Tutorial 1: The R environment

January 10, 2023 (1st week of classes)

CRITICAL: Tutorials have no reports or grades attached to them. Note though that reports and midterm 2 are heavily based on tutorials and your knowledge of R. Therefore you should attend tutorials and/or work on them weekly on your own time.

Your TAs

Section 101 or 201 (14:00h-16:00h): Aliénor Stahl (a.stahl67@gmail.com)
Section 102 or 202 (16:15h-18:15h): Gabrielle Rimok (gabrielle.rimok@mail.concordia.ca)

General Information

This tutorial is meant to help you get acquainted (or reacquainted) with the R environment for statistical computing and its basic commands, ways to handle data and plot graphs. If you are familiar with it, you can skip it.

Intro video for tutorial 1 from BIOL322 but useful here by Timothy Law (with input from the BIOL322 TA team)

General setup for the tutorial

A good way to work through is to have the tutorial opened in our WebBook and RStudio opened beside each other.

Your first R steps

This tutorial was produced using some code adapted from “R and Data Mining: Examples and Case Studies” by Yanchang Zhao (2013); and also from Raphael Gottardo from his lectures in R and basic statistics (Exploratory Data Analysis and Essential Statistics using R).

Below you will find results of operations.

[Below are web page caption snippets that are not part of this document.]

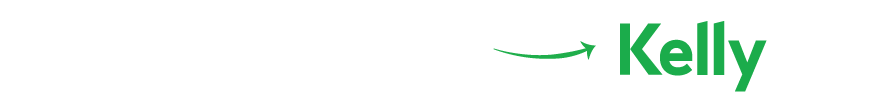 Sevenstep-Sunset-Logos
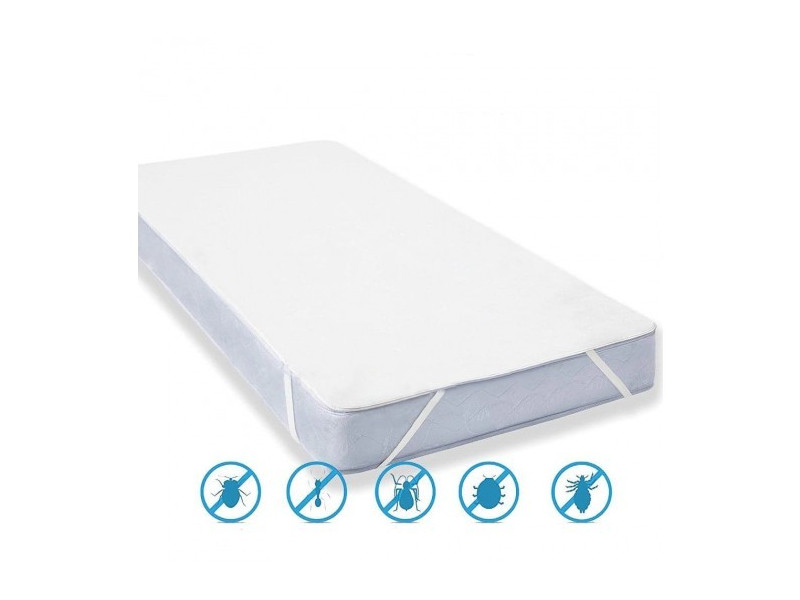 Ochraniacz wodoodporny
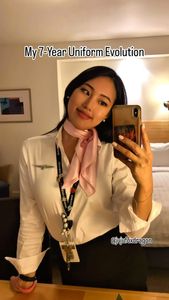 Instagram post by @jujufoxdragon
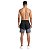 Bermuda Masculina Elastic Preta ZERO AÇUCAR - Imagem 4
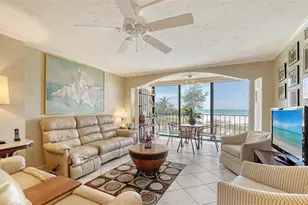 19 Whispering Sands Dr, Sarasota, FL 34242 - Photo 12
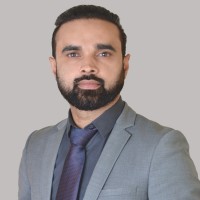 Muhammad Sajeer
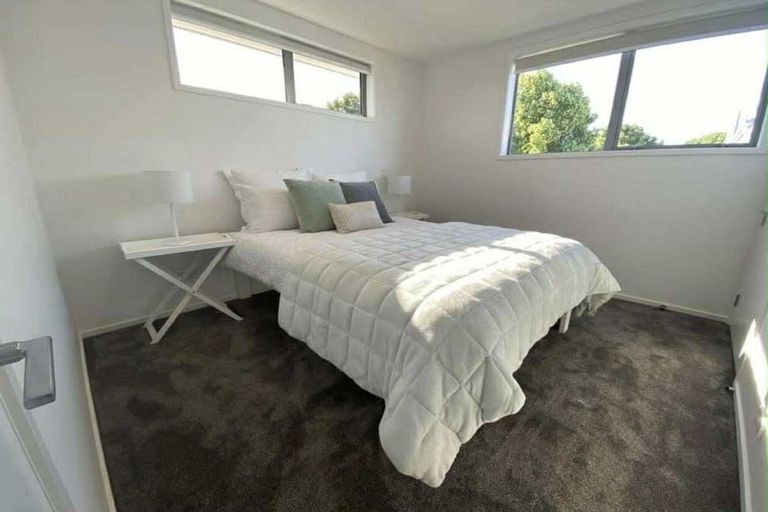 Photo of property in 7/10 Riccarton Road, Riccarton, Christchurch, 8011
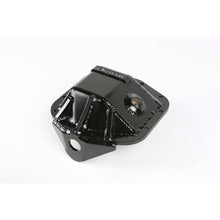 Load image into Gallery viewer, 18C-Jeep-Wrangler-Jl;-20C-Gladiator-Jt-4Wd-Diff-Cover-Front-M210-Axle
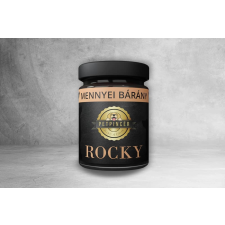  Petpincér ROCKY – Mennyei bárány 300g főzött kutyaétel kutyaeledel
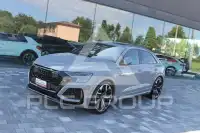 2023 Audi RS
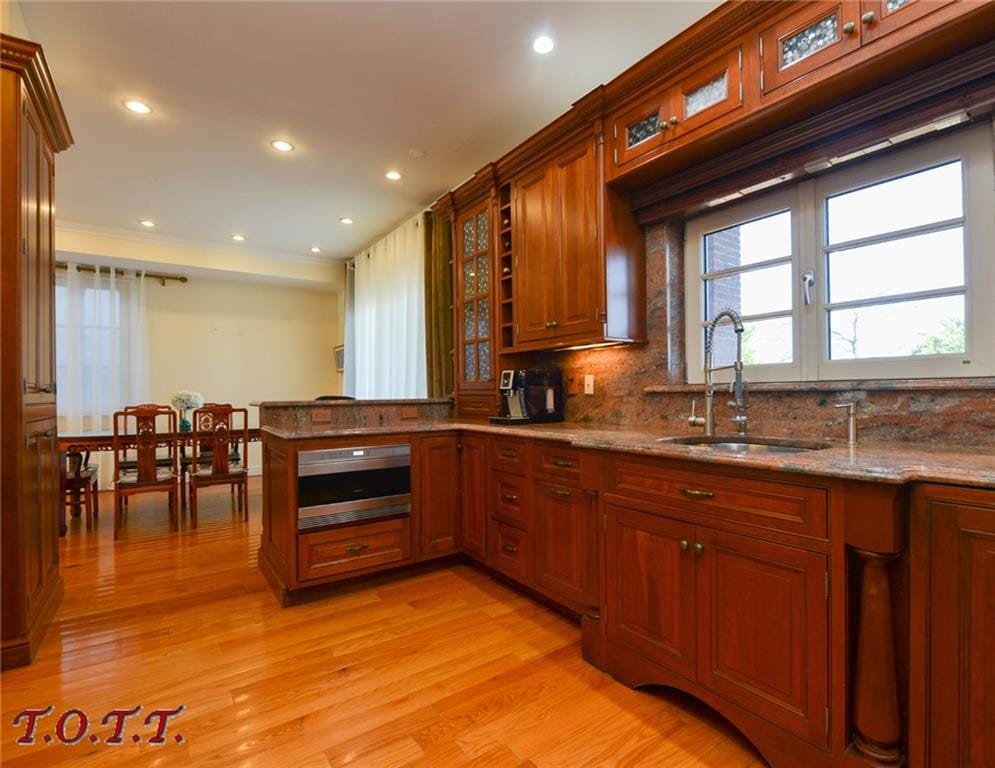 2307 East 66th Street, Brooklyn, New York, 11234 image 11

Results below are shown with a ## in the beginning of the output. In the first set of commands below, you will enter 1+1 and the result will be 2. Results are shown with ## beside them.

1+1

## [1] 2

exp(-2)

## [1] 0.1353353

pi

## [1] 3.141593

exp(10)

## [1] 22026.47

round(3.123,digits=0)

## [1] 3

round(3.123,digits=2)

## [1] 3.12

round(sin(178.54),digits=3) # you can use functions together, i.e., pi, sin and round to produce a final value

## [1] 0.506

sqrt(10)

## [1] 3.162278

Obs: the symbol # is used to annotate the code (make comments) so that whatever text appear after # is not interpreted by R when you hit :, e.g., command is -1/0 and the comment is “don’t be afraid”.

Assigning values to a variable (note that variable in computer programming is not the same as a variable in statistics as seen in class). In computer programming (Wikipedia) “Variable or scalar is a storage location (identified by a memory address) paired with an associated symbolic name (an identifier), which contains some known or unknown quantity of information referred to as a value.”

x=2 # variable here is x and it contains the number 2
y=2
x+y

## [1] 4

c=2

Creating a sequence of numbers:

x=0:5
x

## [1] 0 1 2 3 4 5

Note that a large number of R users do not use the symbol = but rather <- which is the “assign” operator; this will not appear immediately useful to you in this course, but be aware when reading R material online and in this course, we tend to use <- instead of = but either is fine for all purposes of this course and programming in R.

Re-creating a sequence of numbers now using <-:

x<-0:5
x

## [1] 0 1 2 3 4 5

It’s the same thing!

Your first plot in R:

x<-1:7
x

## [1] 1 2 3 4 5 6 7

y<-11:17
y

## [1] 11 12 13 14 15 16 17

plot(x,y)

Let’s plot the same graph but with red dots instead of black as above:

plot(x,y,col="red")

Note that the vectors x and y did not need to be redifined because they are saved in the computer memory. Once you close R, these vectors are erased from the memory. You will learn later how to save scripts so that you don’t have to retype commands (see below). We can also save the values in the memory (later tutorial).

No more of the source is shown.